[What is required]
Carry none of the pictures over; write out the complete data exactly.

[Information supplied]
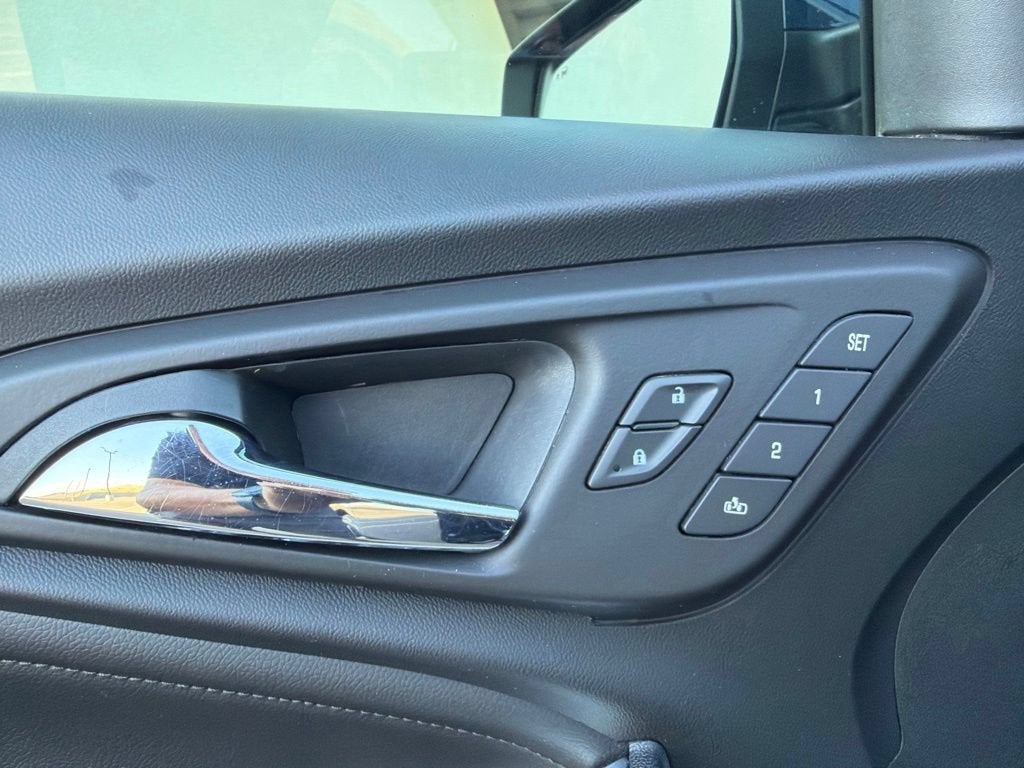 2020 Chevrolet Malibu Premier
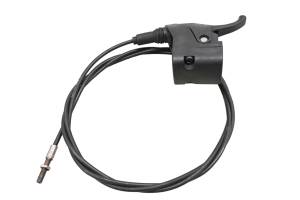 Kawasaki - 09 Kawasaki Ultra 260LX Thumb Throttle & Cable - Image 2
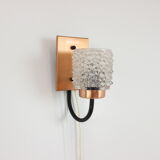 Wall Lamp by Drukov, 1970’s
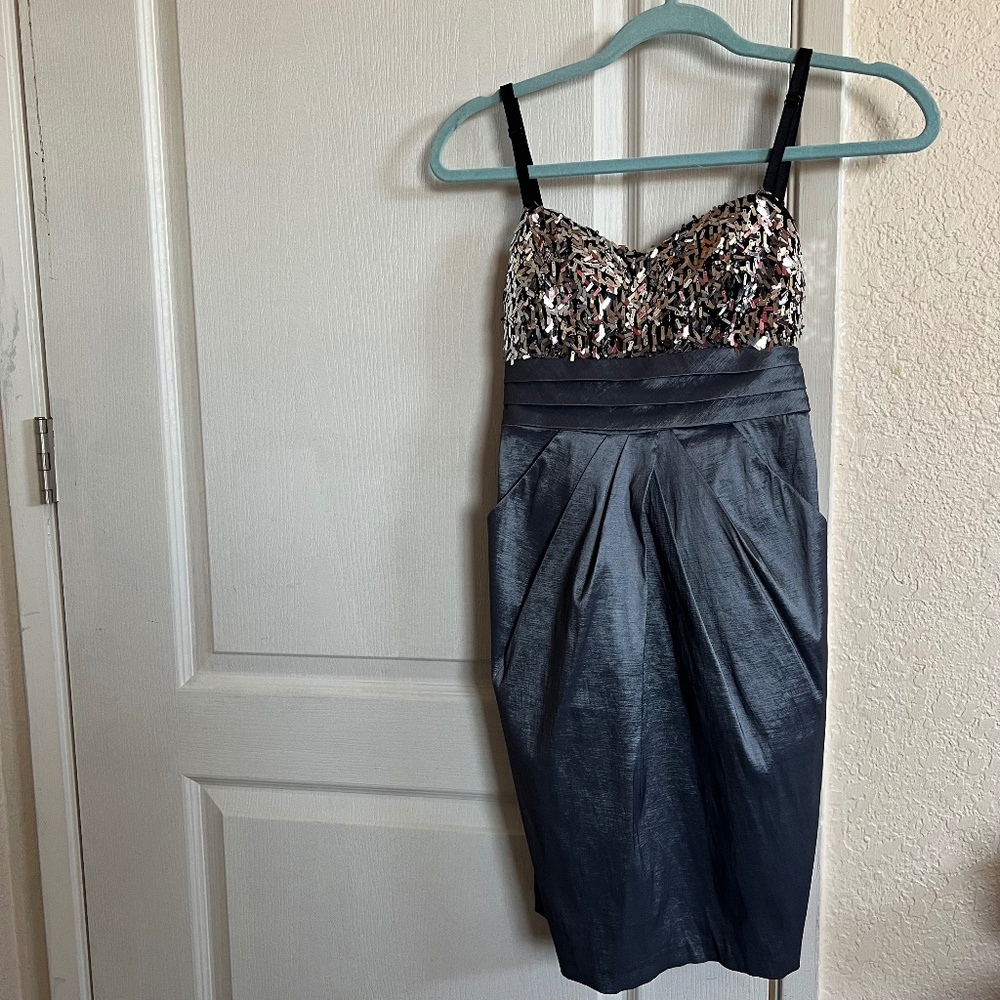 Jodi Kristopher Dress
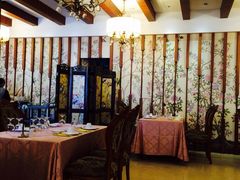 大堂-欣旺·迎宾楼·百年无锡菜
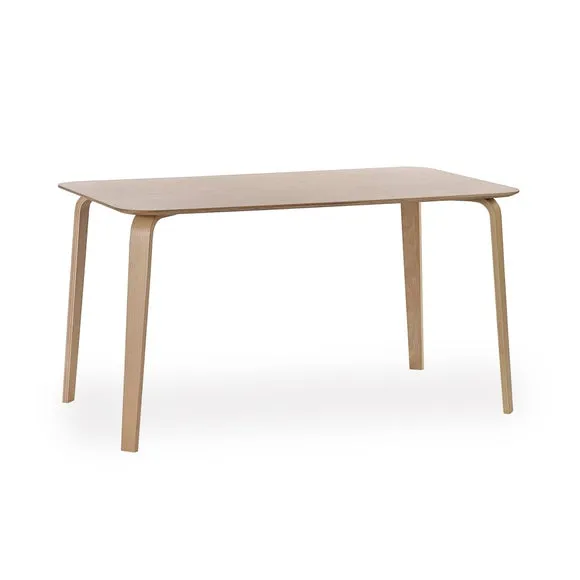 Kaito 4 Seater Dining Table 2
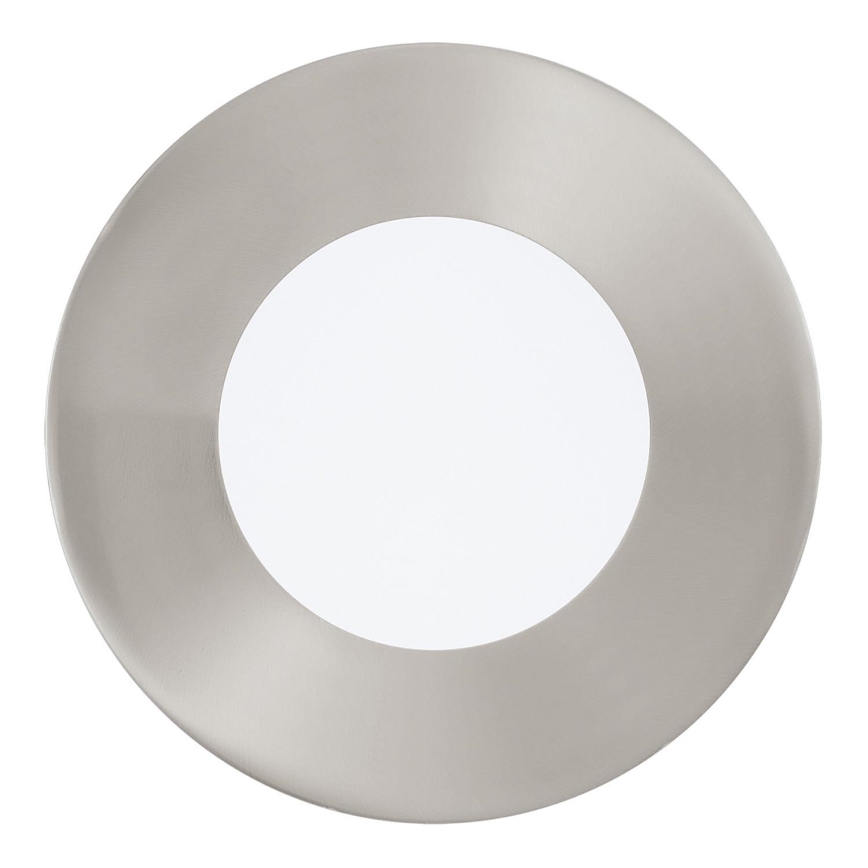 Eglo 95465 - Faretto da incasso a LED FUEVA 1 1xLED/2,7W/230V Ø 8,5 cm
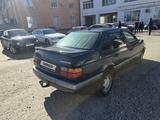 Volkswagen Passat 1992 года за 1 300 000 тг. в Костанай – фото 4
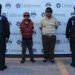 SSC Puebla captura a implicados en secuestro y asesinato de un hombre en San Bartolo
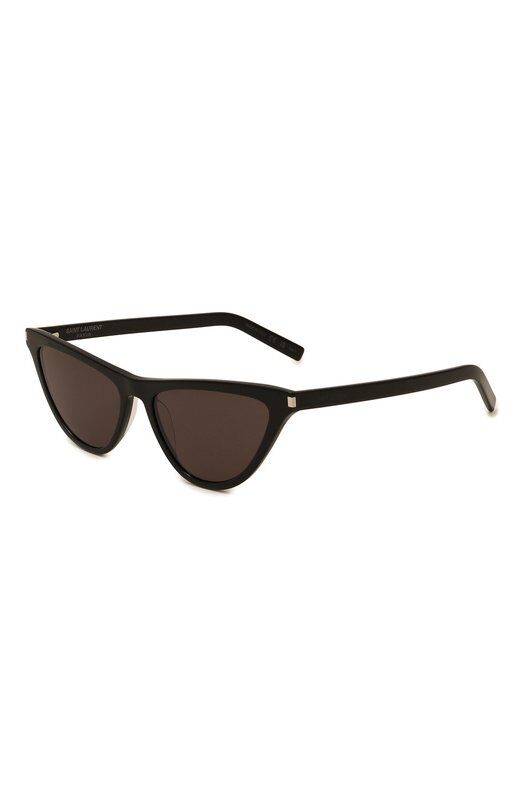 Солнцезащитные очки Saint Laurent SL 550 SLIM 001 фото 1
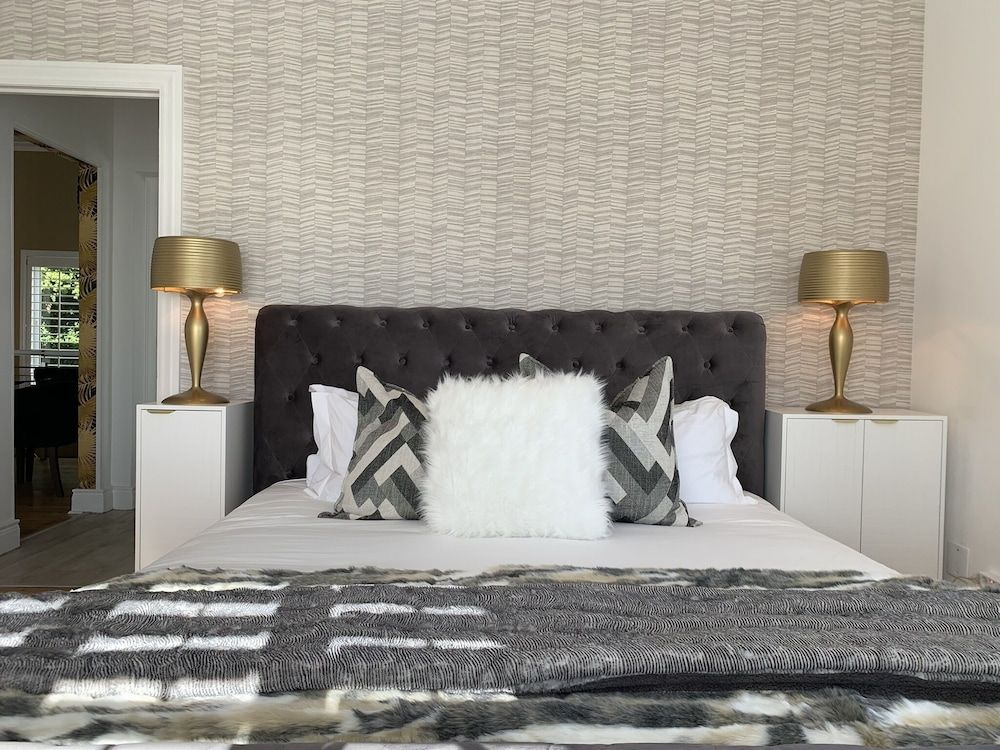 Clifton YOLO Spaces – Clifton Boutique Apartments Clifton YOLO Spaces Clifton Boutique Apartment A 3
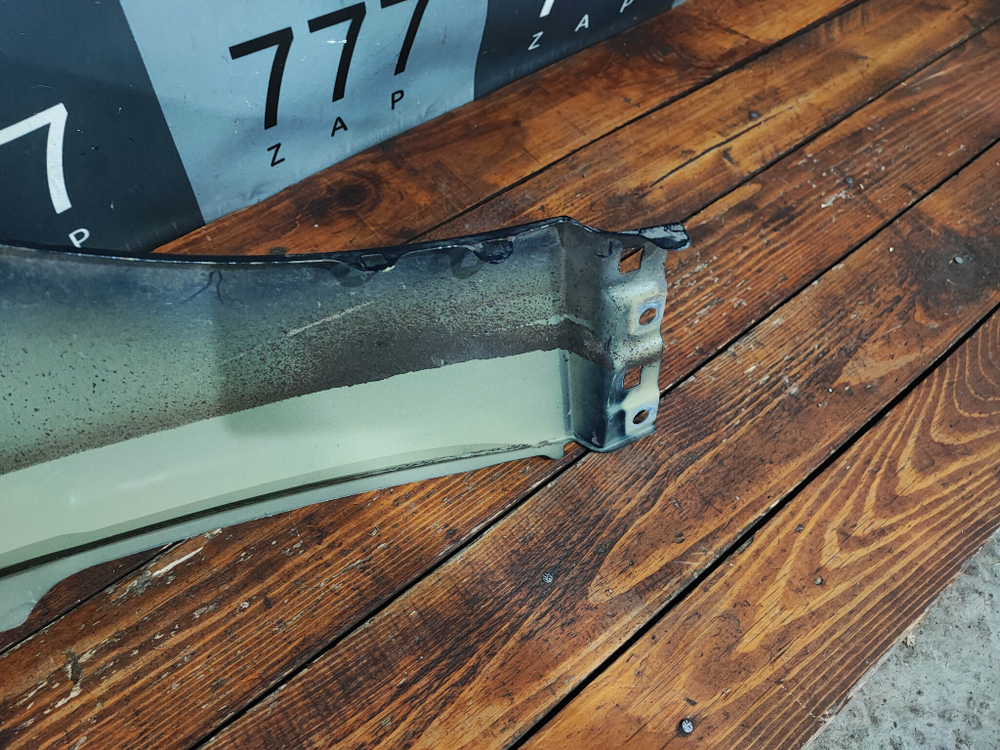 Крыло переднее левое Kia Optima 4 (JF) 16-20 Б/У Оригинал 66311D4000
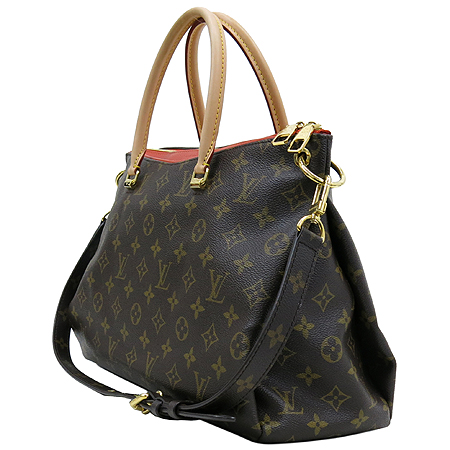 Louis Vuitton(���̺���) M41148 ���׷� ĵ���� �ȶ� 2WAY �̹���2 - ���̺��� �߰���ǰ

[Result]
 2020 Chevrolet Malibu Premier
 Kawasaki - 09 Kawasaki Ultra 260LX Thumb Throttle & Cable - Image 2
 Wall Lamp by Drukov, 1970’s
 Jodi Kristopher Dress
 大堂-欣旺·迎宾楼·百年无锡菜
 Kaito 4 Seater Dining Table 2
 Eglo 95465 - Faretto da incasso a LED FUEVA 1 1xLED/2,7W/230V Ø 8,5 cm
 Volkswagen Passat 1992 года за 1 300 000 тг. в Костанай – фото 4
 SSC Puebla captura a implicados en secuestro y asesinato de un hombre en San Bartolo
 Солнцезащитные очки Saint Laurent SL 550 SLIM 001 фото 1
 Clifton YOLO Spaces – Clifton Boutique Apartments Clifton YOLO Spaces Clifton Boutique Apartment A 3
 Крыло переднее левое Kia Optima 4 (JF) 16-20 Б/У Оригинал 66311D4000
 Louis Vuitton(���̺���) M41148 ���׷� ĵ���� �ȶ� 2WAY �̹���2 - ���̺��� �߰���ǰ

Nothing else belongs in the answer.